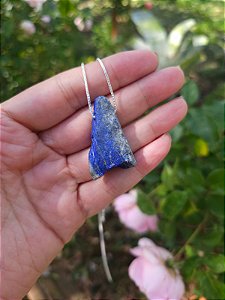 Colar Médio Lápis Lazúli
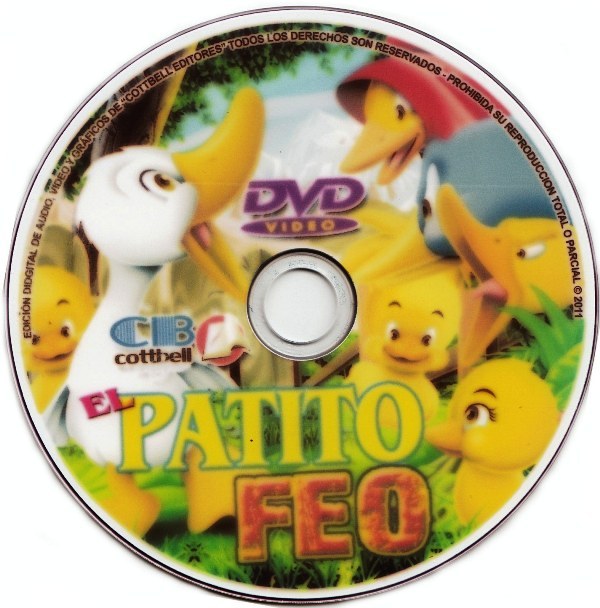 El patito feo (CD interactivo)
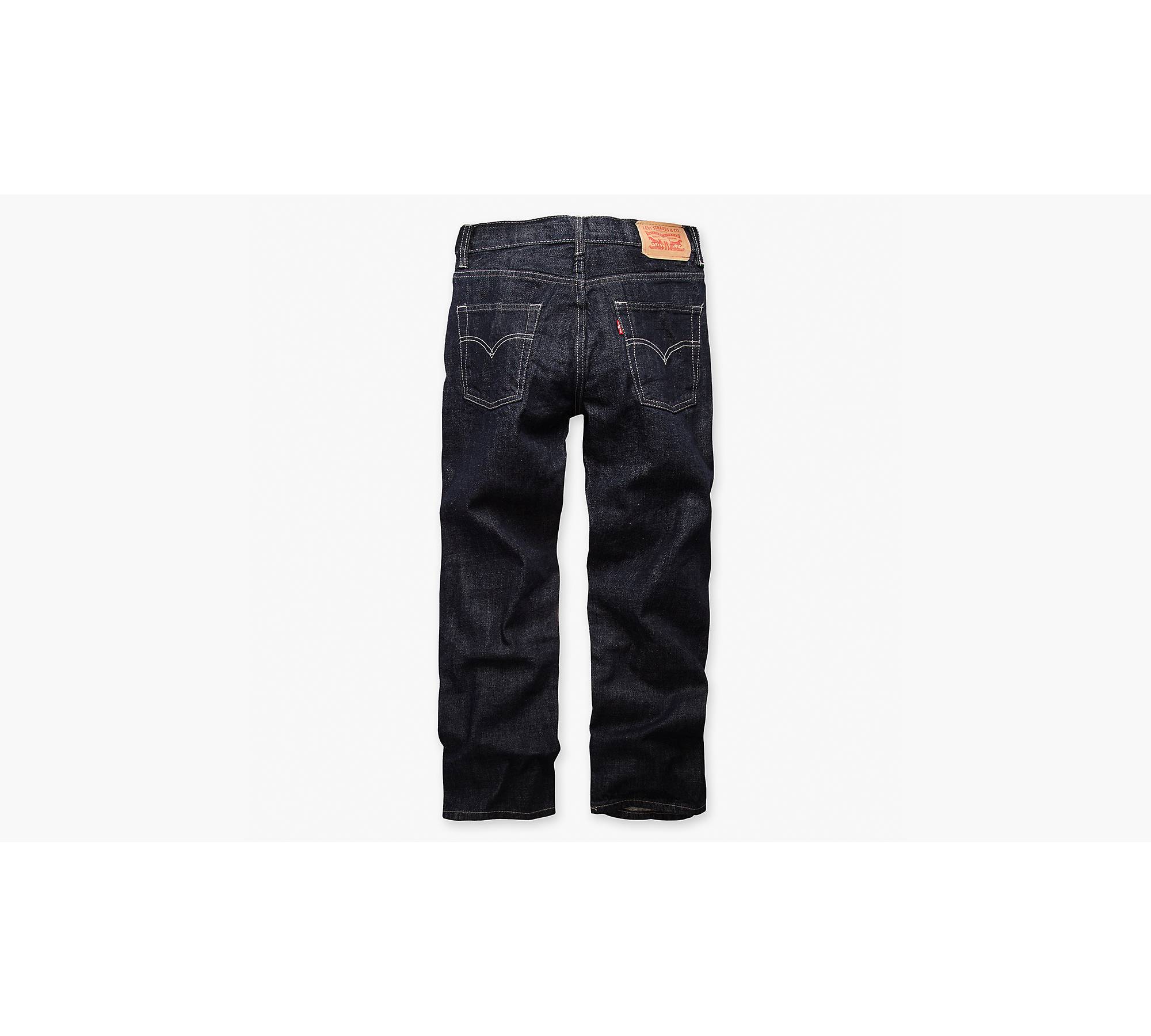 550™ Relaxed Fit Big Boys Jeans 8-20 (husky) - Grey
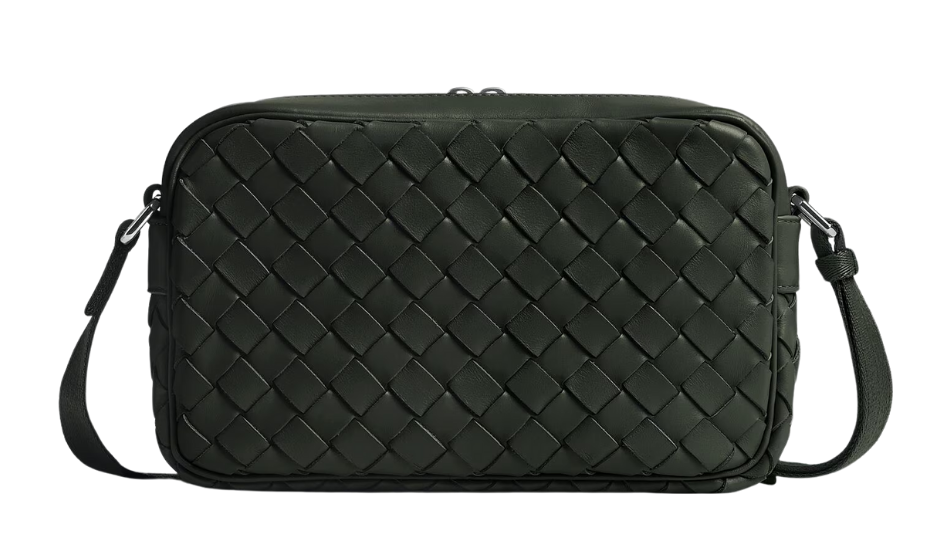 Small Intrecciato Camera Bag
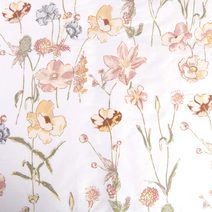 Povlečení bavlněný satén Noela 140x200+70x90 cm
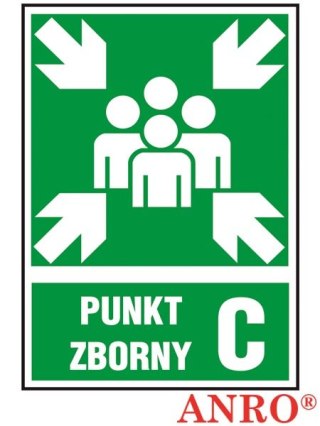 ZNAK BEZPIECZEŃSTWA ANRO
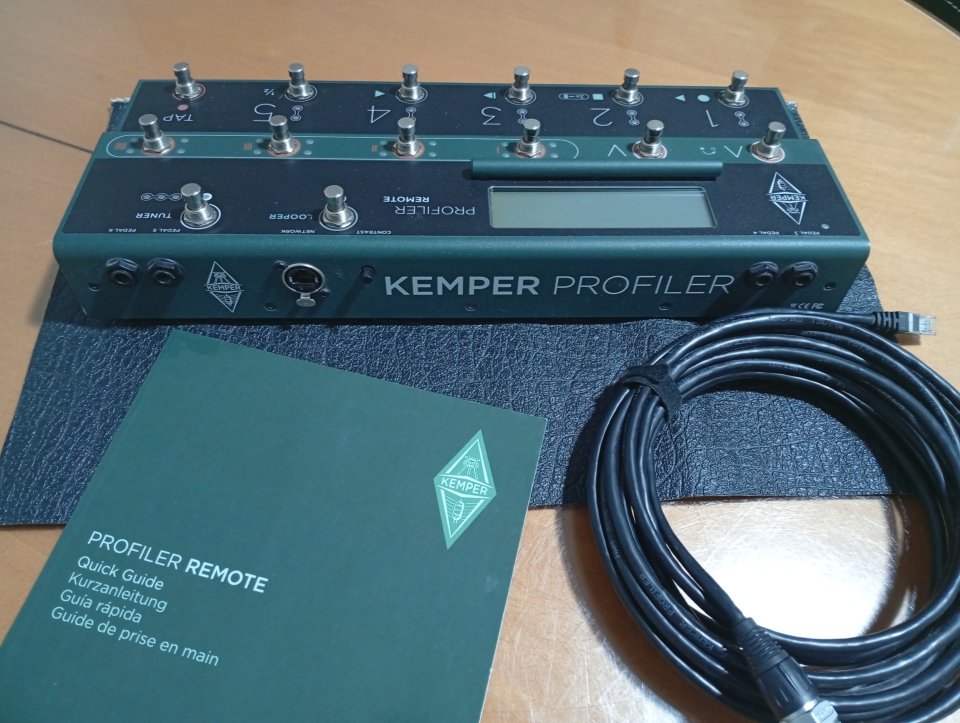 Kemper profiler Remote de segunda mano · Foto 2 de 2 · Gipuzkoa · 338 €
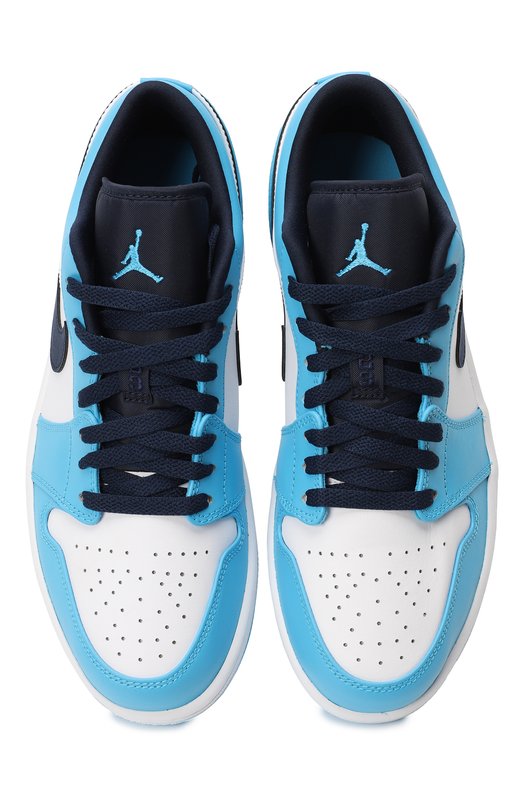 Кеды Jordan 1 Low | Nike | Голубой - 2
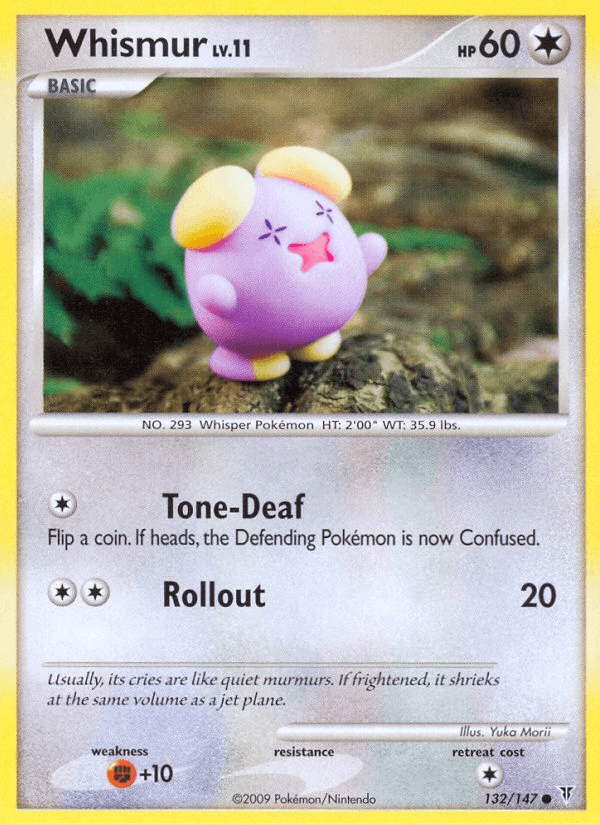 Whismur 132/147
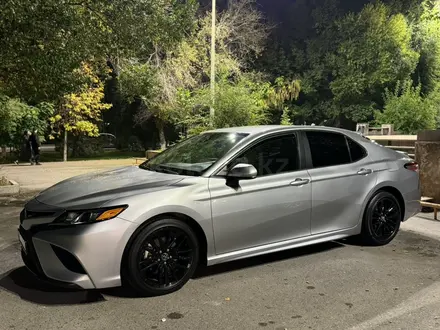 Toyota Camry 2020 года за 13 500 000 тг. в Тараз – фото 8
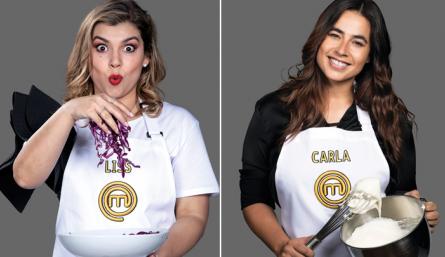 Liss Pererira y Carla Giraldo. / Foto: Colprensa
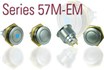ITW PushButton Switches Series 57M-EM:16mm Electro-Mechanical Panel Sealed Metal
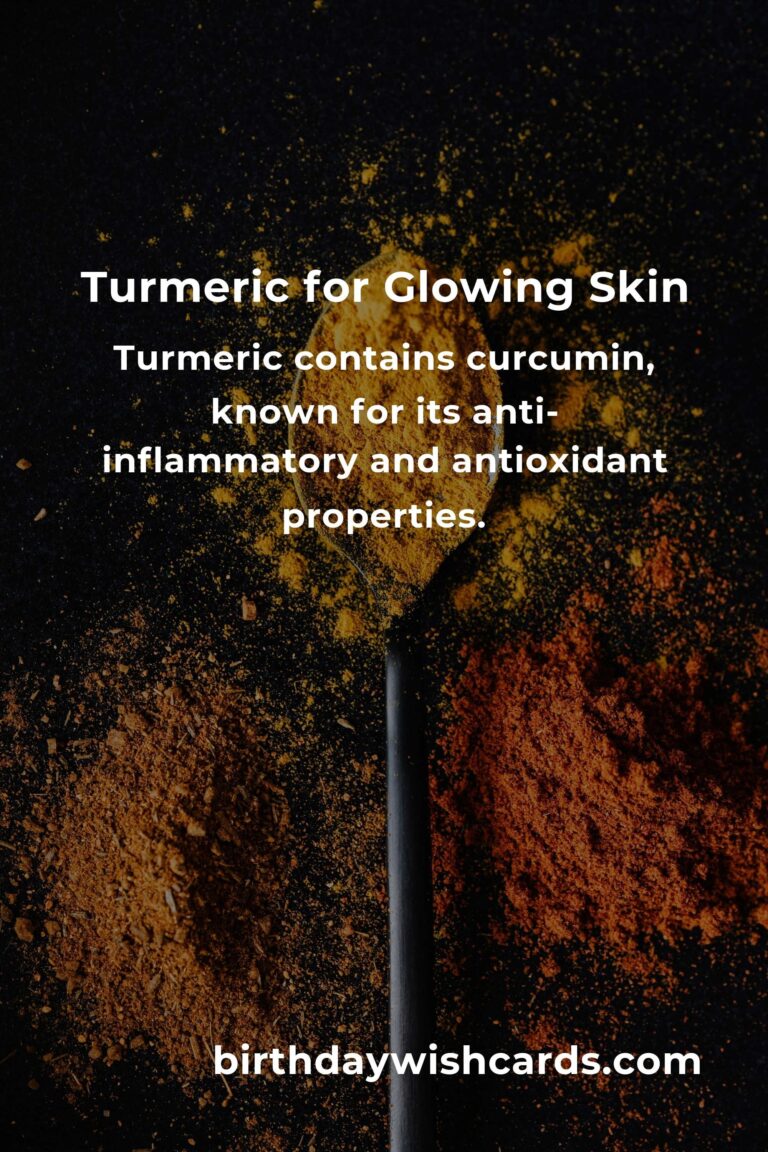 Why Everyone Is Using Turmeric for Glowing Skin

----------

Take the lines from the one that contains "Кеды Jordan 1 Low | Nike | Голубой - 2" down to the last line of the listing above, both included, and set them down exactly, leaving out pictures.

 Кеды Jordan 1 Low | Nike | Голубой - 2
 Whismur 132/147
 Toyota Camry 2020 года за 13 500 000 тг. в Тараз – фото 8
 Liss Pererira y Carla Giraldo. / Foto: Colprensa
ITW PushButton Switches Series 57M-EM:16mm Electro-Mechanical Panel Sealed Metal
 Why Everyone Is Using Turmeric for Glowing Skin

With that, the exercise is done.